In the records below, find the line that contains "Generic Elevador de" and the line that contains "FLOOR.STAND.FOAM.AXCL.PAIR 2". Set down exactly those lines and every line between them, and nothing more.
----------------------------------------
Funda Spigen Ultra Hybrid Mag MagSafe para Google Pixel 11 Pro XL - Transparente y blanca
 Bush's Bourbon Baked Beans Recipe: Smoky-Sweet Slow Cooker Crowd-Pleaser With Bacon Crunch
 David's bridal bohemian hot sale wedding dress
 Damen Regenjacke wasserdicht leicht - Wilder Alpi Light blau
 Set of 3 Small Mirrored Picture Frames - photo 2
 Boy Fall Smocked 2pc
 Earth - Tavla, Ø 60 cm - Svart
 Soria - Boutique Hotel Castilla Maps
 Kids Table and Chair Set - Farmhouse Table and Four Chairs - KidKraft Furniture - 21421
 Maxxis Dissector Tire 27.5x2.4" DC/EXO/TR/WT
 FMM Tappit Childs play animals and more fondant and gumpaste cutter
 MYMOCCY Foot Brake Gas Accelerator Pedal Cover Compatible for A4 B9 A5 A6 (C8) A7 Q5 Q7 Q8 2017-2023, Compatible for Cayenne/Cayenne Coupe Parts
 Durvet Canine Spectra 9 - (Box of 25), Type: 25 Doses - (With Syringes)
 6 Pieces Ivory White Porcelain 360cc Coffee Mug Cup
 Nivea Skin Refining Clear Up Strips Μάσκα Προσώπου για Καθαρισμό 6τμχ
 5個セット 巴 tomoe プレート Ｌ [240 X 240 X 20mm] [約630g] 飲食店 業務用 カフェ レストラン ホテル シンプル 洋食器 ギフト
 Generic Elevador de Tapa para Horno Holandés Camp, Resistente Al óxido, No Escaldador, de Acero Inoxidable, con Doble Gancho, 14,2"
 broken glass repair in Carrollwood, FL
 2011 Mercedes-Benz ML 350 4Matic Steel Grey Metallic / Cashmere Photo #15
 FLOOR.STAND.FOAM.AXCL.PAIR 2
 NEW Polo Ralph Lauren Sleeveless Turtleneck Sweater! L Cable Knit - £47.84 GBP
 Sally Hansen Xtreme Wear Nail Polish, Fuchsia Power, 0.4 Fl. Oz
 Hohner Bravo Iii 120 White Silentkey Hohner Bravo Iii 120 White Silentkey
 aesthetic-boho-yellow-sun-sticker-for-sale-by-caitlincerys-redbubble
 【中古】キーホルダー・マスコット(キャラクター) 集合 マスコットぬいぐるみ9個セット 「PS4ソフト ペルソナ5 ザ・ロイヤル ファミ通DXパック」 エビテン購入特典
----------------------------------------
### Task result
 Generic Elevador de Tapa para Horno Holandés Camp, Resistente Al óxido, No Escaldador, de Acero Inoxidable, con Doble Gancho, 14,2"
 broken glass repair in Carrollwood, FL
 2011 Mercedes-Benz ML 350 4Matic Steel Grey Metallic / Cashmere Photo #15
 FLOOR.STAND.FOAM.AXCL.PAIR 2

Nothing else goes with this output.